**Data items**
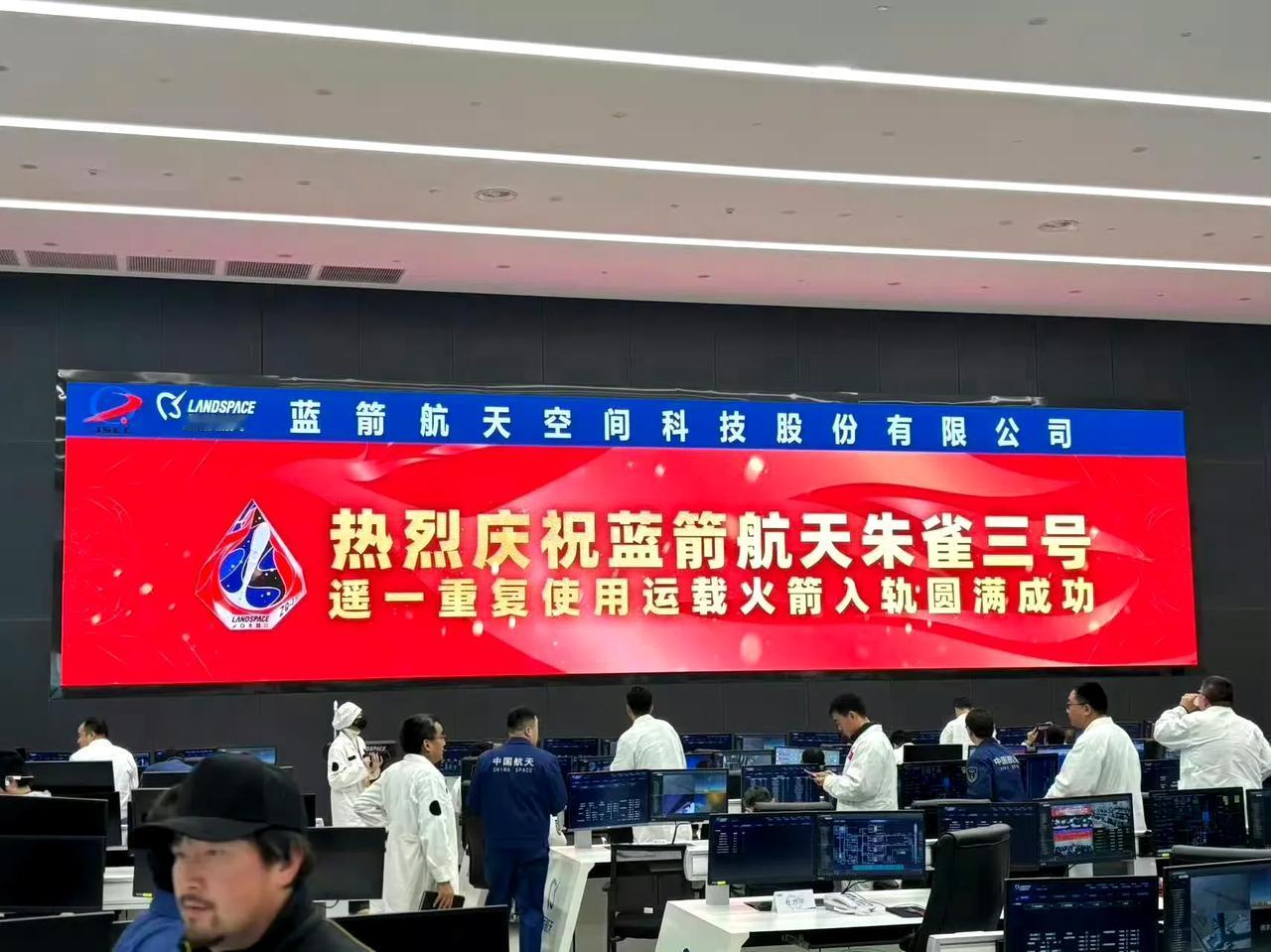 哎呀！回收失败了，一级直接砸地上了，大概是发动机点火失败了吧，都没有减速就砸下来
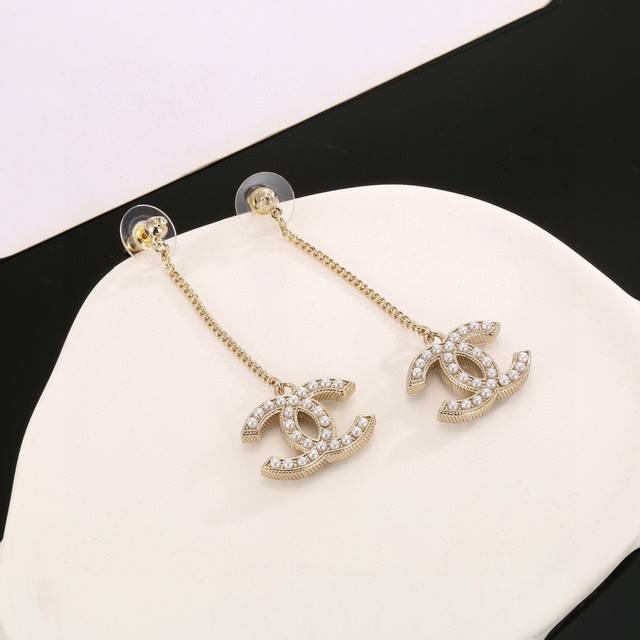 Chanel Chanel classic double C double-sided pearl earrings are very beautiful an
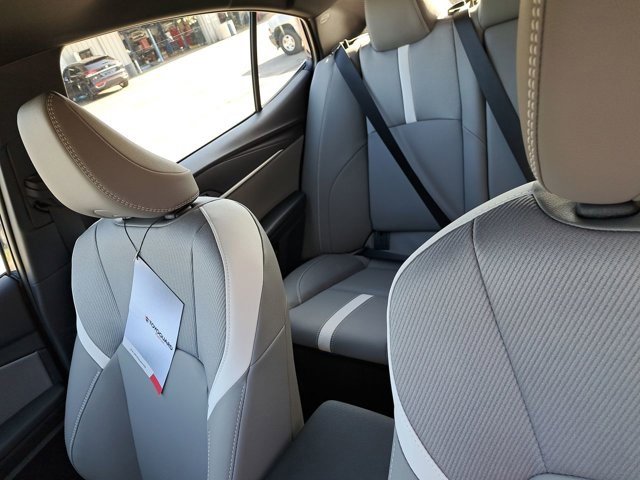 Used 2026 Toyota Camry SE image 3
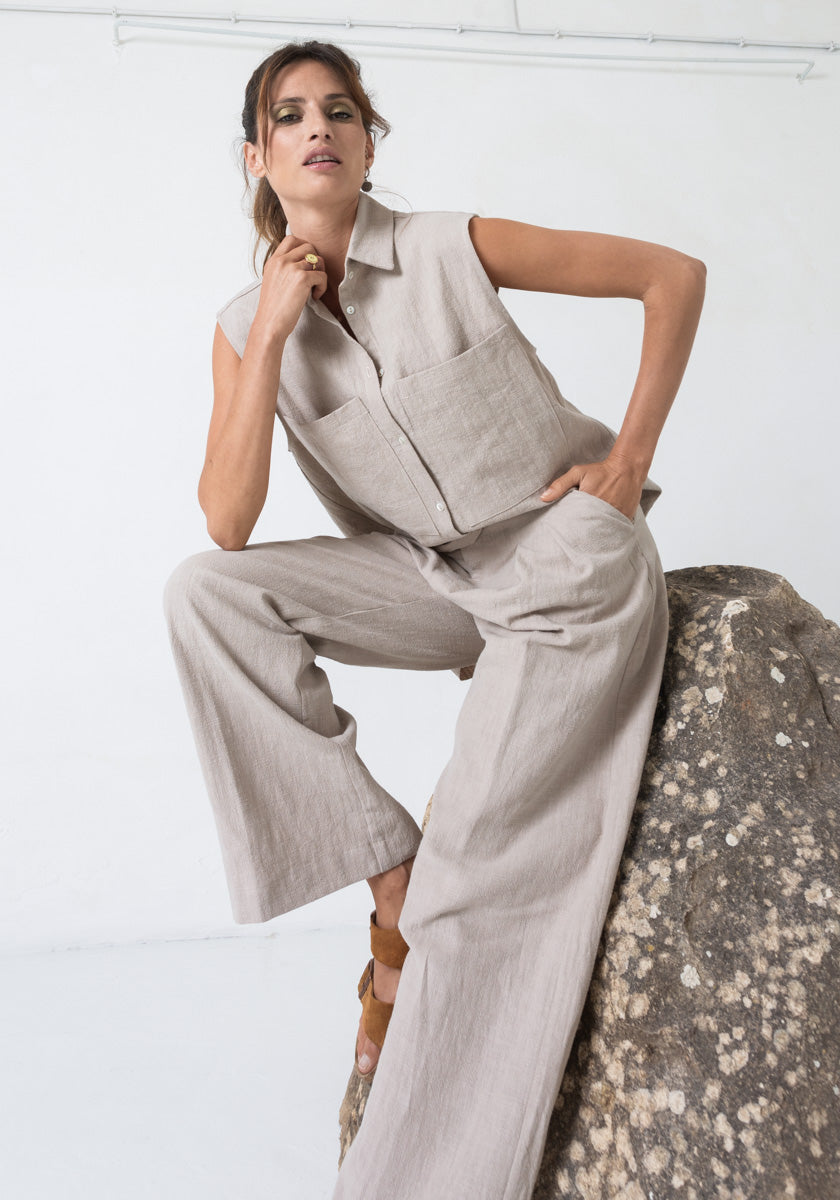 Pantalon SINTRA coloris Lin Sand coupe large et pinces sur devant made in france SONGE lab silhouette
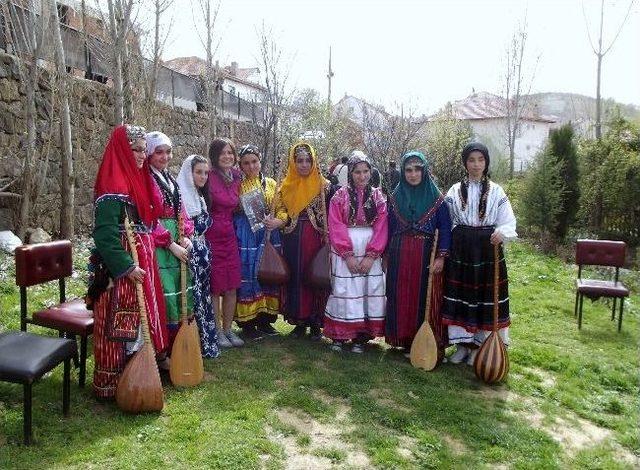 Gediz Kız Meslek Lisesi Saz Ekibi,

**Task prompt**
Word for word, output the lines from the line bearing "Chanel Chanel classic" through the end of the records above, and only those, without the pictures.

**Written solution**
 Chanel Chanel classic double C double-sided pearl earrings are very beautiful an
 Used 2026 Toyota Camry SE image 3
 Pantalon SINTRA coloris Lin Sand coupe large et pinces sur devant made in france SONGE lab silhouette
 Gediz Kız Meslek Lisesi Saz Ekibi,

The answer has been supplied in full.